Mechanistic investigations of the separate systems indicate that different
modes of activation are in operation, with Fast Green FCF being a
light-promoted photoredox catalyst that is facilitating a one-electron
oxidation of NCS and Brilliant Blue FCF serving as a chlorine-transfer
catalyst with DCDMH in its sulfonphthalein form. The organocatalytic
systems are highlighted by their inexpensive and readily available
materials, operational simplicity, generation of chlorinated arenes
and heteroarenes in moderate to excellent yields, and tolerance of
a wide variety of functionalities that might be present during the
synthesis of complex molecules. Differences in reactivity of the two
systems toward (hetero)aromatic substrates were also observed. For
example, the NCS/Fast Green FCF proved to be a milder method with
monochlorination occurring primarily, and the Brilliant Blue FCF system
is capable of forming dichlorinated products from substrates containing
deactivating (electron-withdrawing) groups and generating dearomatized
naphthol and indole products.

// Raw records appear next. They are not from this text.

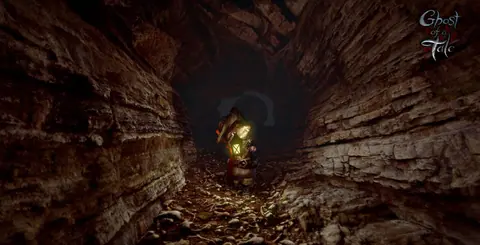 Captura de tela de Ghost of a Tale (2 de 4)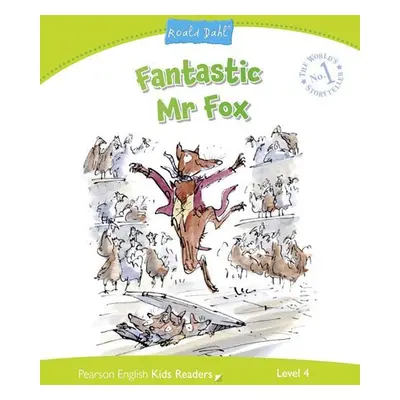 PEKR | Level 4: The Fantastic Mr Fox - Andrew Hopkins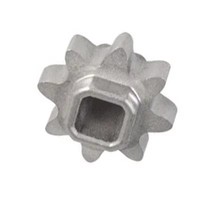 V5 VEX 123 IQ EXP GO Pro 6P 8T Paket Sprocket 8 Buah 276-8030 Sprocket dan Kit Rantai untuk Robotika dan Mainan Edukasi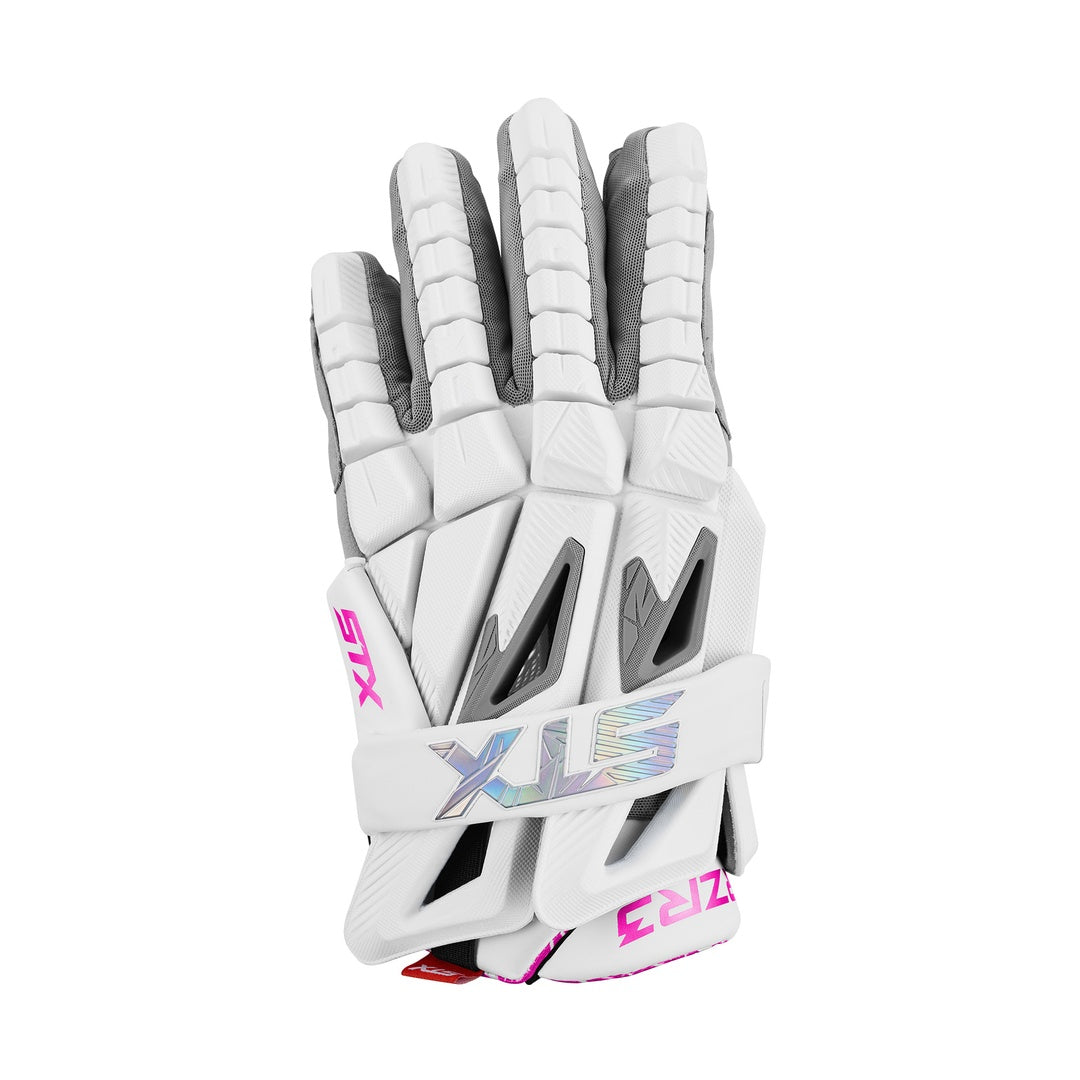 STX RZR3 Lacrosse Gloves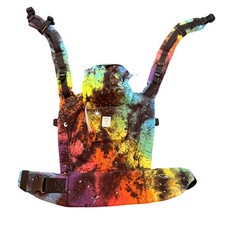 Galaxy Dyed Lillebaby Essentials Baby Carrier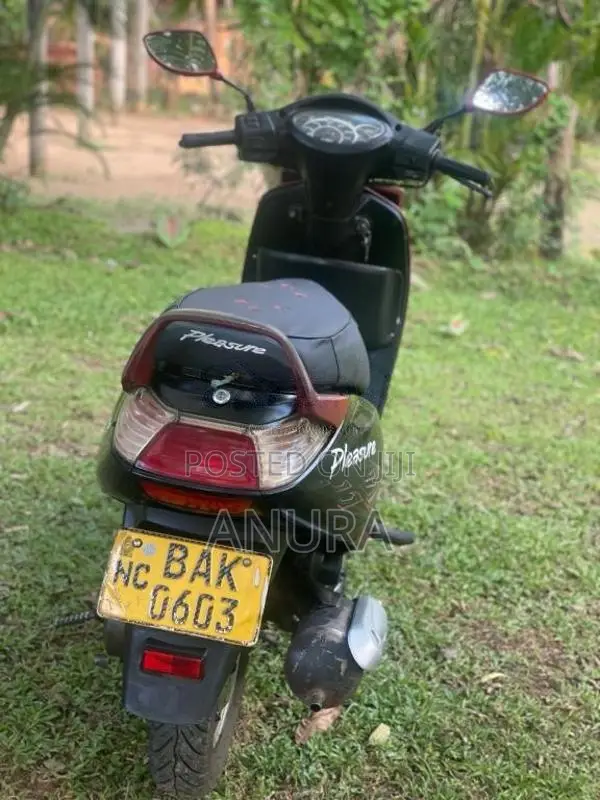 Hero Pleasure 2013 Motorbike (Used)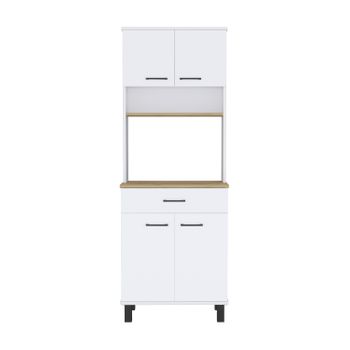 Mueble Auxiliar Cocina Alto Z 60 2p 150.5 A X 60 An X 40 P Cm. con  Ofertas en Carrefour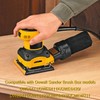 4Pcs N292059 Carbon Brush Box Assembly Replacement, Compatible with DeWalt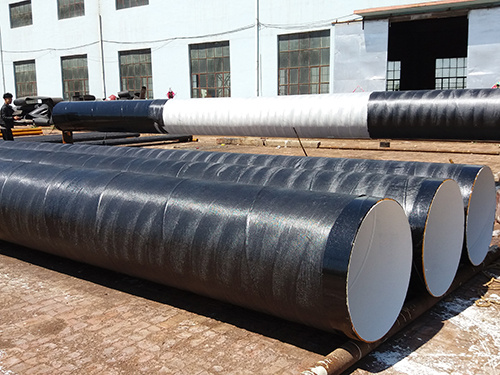 環(huán)氧煤瀝青防腐鋼管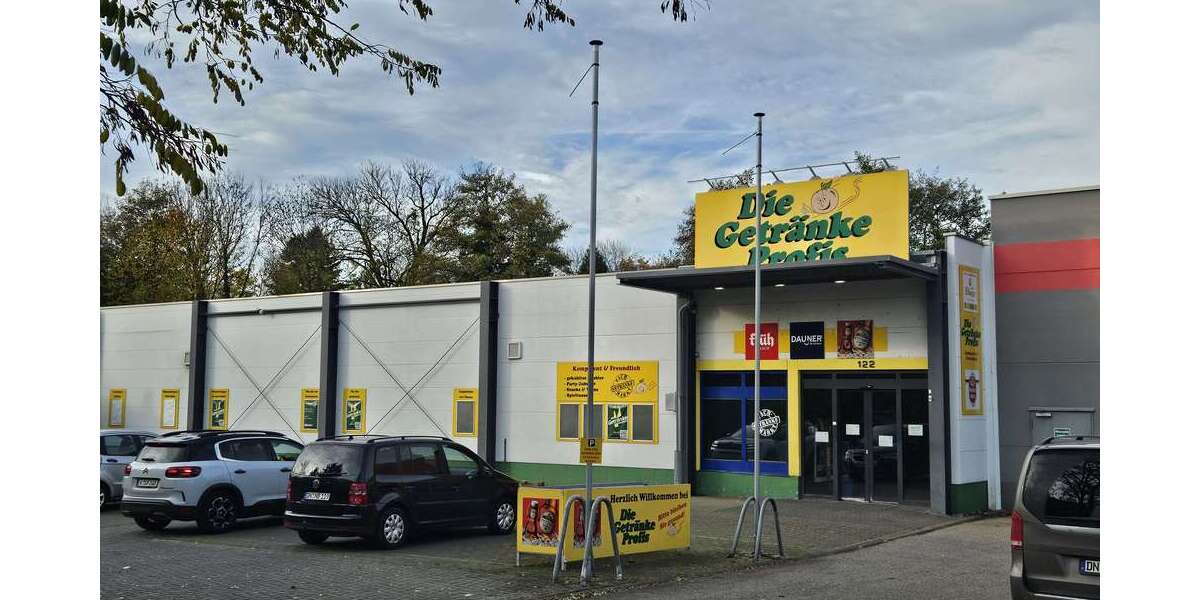 Gewerbeobjekt Düren - 5.900&euro; | Angebot:25476264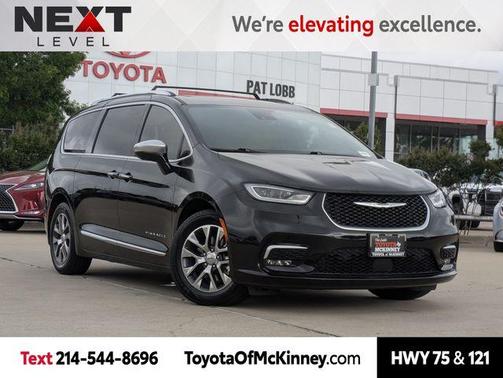 2022 Chrysler Pacifica Hybrid Pinnacle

In addition to providing new catalysts
for chlorination and insight into the photoelectronic properties of
FDA-certified food dyes, this work may also lead to new investigations
regarding the degradation of food dyes and/or organic pollutants under
visible-light (solar) conditions.
Experimental Section
Materials
and Instrumentation
All reagents and solvents
were purchased from commercial sources and used without further purification.
Fast Green FCF (CAS #2353-45-9; FW = 808.86), Brilliant Blue FCF (CAS
#3844-45-9; FW = 792.84), and Indigo Carmine (CAS #860-22-0; FW =
466.36) were purchased from Alfa Aesar. Erythrosine B (CAS #16423-68-0;
FW = 879.86) and Tartrazine (CAS #1934-21-0; FW = 534.36) were purchased
from Spectrum. Allura Red AC (CAS #25956-17-6; FW = 496.42) and Sunset
Yellow FCF (CAS #2783-94-0; FW = 452.36) were purchased from TCI America. 1H and 13CNMR spectra were recorded on a Varian
400/100 (400 MHz) spectrometer in deuterated chloroform (CDCl3), dimethyl sulfoxide (DMSO), or methanol (CD3OD)
with the solvent residual peak as internal reference unless otherwise
stated (CDCl3: 1H = 7.26 ppm, 13C
= 77.02 ppm; DMSO: 1H = 2.50 ppm, 13C = 39.52
ppm; CD3OD: 1H = 3.31 ppm, 13C =
49.00 ppm). Data are reported in the following order: Chemical shifts
(δ) are reported in ppm, and spin–spin coupling constants
(J) are reported in Hz, while multiplicities are
abbreviated by s (singlet), bs (broad singlet), d (doublet), dd (doublet
of doublets), t (triplet), dt (double of triplets), td (triplet of
doublets), m (multiplet), and q (quartet). Infrared spectra were recorded
on a Nicolet iS50 FT-IR spectrometer, and peaks are reported in reciprocal
centimeters (cm–1). Melting points (m.p.) were recorded
on a Mel-Temp II (Laboratory Devices, USA) and were uncorrected. Nominal
MS (EI) were obtained using a Shimadzu GC-2010 Plus with GCMS-QP2010.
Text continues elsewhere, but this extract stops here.